The earliest and most frequently missed signs include new-onset diabetes after age 50 (especially with weight loss), subtle upper abdominal discomfort that radiates to the back, and unexplained fatigue. Jaundice is often the first visible sign in tumors in the head of the pancreas.

Q3: Can pancreatic cancer be cured if caught early?

Yes, in some cases. When the tumor is small, localized, and surgically resectable (approximately 20% of diagnoses), surgery followed by chemotherapy offers the possibility of long-term remission. The 5-year survival rate for localized disease is approximately 43.6%.

Q4: Is new-onset diabetes a warning sign of pancreatic cancer?

In some cases, yes. Older adults (50+) with sudden-onset diabetes — particularly without weight gain, typical risk factors, and alongside weight loss — have an eightfold higher risk. This does not mean every new diabetic has cancer, but it warrants careful clinical evaluation including discussion of pancreatic imaging.

Q5: What is the difference between resectable and unresectable pancreatic cancer?

Resectable means the tumor can be surgically removed because it has not invaded major blood vessels — approximately 20% of patients. Unresectable means the tumor cannot be safely removed due to vascular involvement or metastatic spread. Treatment shifts from surgery to chemotherapy and clinical trials.

Q6: How quickly does pancreatic cancer spread?

Pancreatic cancer is one of the most aggressive cancers. PDAC typically spreads to the liver, peritoneum, and lungs. It can progress from a localized to a metastatic stage within weeks to months. This speed is why early detection matters disproportionately more than in many other cancers.

Q7: What is the Whipple procedure?

The Whipple procedure (pancreaticoduodenectomy) is the main surgical option for pancreatic cancer in the head of the pancreas. It removes the head of the pancreas, part of the small intestine, the gallbladder, and the lower portion of the stomach, then reconnects the remaining digestive organs.

Q8: What are the new treatments for pancreatic cancer in 2026?

The most significant 2026 developments include: the ELI-002 KRAS-targeted vaccine (Phase 2 results expected), personalized mRNA vaccines (autogene cevumeran), FDA Breakthrough Therapy Designation for KRAS G12D inhibitor zoldonrasib, and the Mayo Clinic chemo-first surgical protocol published in February 2026.

Q9: What does pancreatic cancer pain feel like?

Most patients describe a persistent, dull ache in the upper abdomen or middle back. It often worsens after eating and may ease slightly when leaning forward or curling into a fetal position. Unlike gallstone pain, it is typically constant rather than colicky.

Q10: What is a KRAS mutation and why does it matter for treatment?

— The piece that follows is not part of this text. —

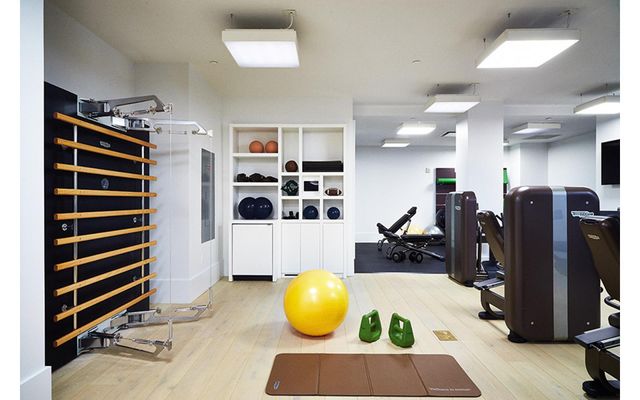 404 Park Avenue South, Unit 5B Manhattan, NY 10016 - Photo 13 of 16 a living room with furniture and gym equipment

KRAS is a gene that, when mutated, drives uncontrolled cell growth. Over 90% of pancreatic cancers carry a KRAS mutation. For decades this mutation was “undruggable” — but new inhibitors like zoldonrasib and vaccines targeting mutant KRAS are now in active trials, making it the most targeted area of 2026 research.

Q11: Should I get a second opinion for pancreatic cancer?

Yes — always. Pancreatic cancer requires highly specialized surgical, oncological, and supportive care. The difference between a high-volume specialist center and a general hospital can directly impact survival. PanCAN and the NCI both strongly recommend obtaining a specialist opinion, ideally at a comprehensive cancer center.


Summary: Pancreatic cancer remains one of the most challenging diagnoses in oncology — but the landscape in 2026 looks meaningfully different from even five years ago. The 5-year survival rate has nearly doubled to 13%, early warning signs like new-onset diabetes are being taken more seriously, and mRNA vaccines targeting the KRAS mutation that drives 90% of cases are now in Phase 2 trials. The most important thing any patient or family member can do is act quickly, seek specialist care, and ask about clinical trials at every decision point.


📋 Medical Disclaimer: This article is for educational and informational purposes only. It does not constitute medical advice, diagnosis, or treatment. Always consult a licensed and qualified healthcare professional regarding any medical condition or health concern. The information in this article reflects data available as of February 2026 and is subject to change as new research emerges.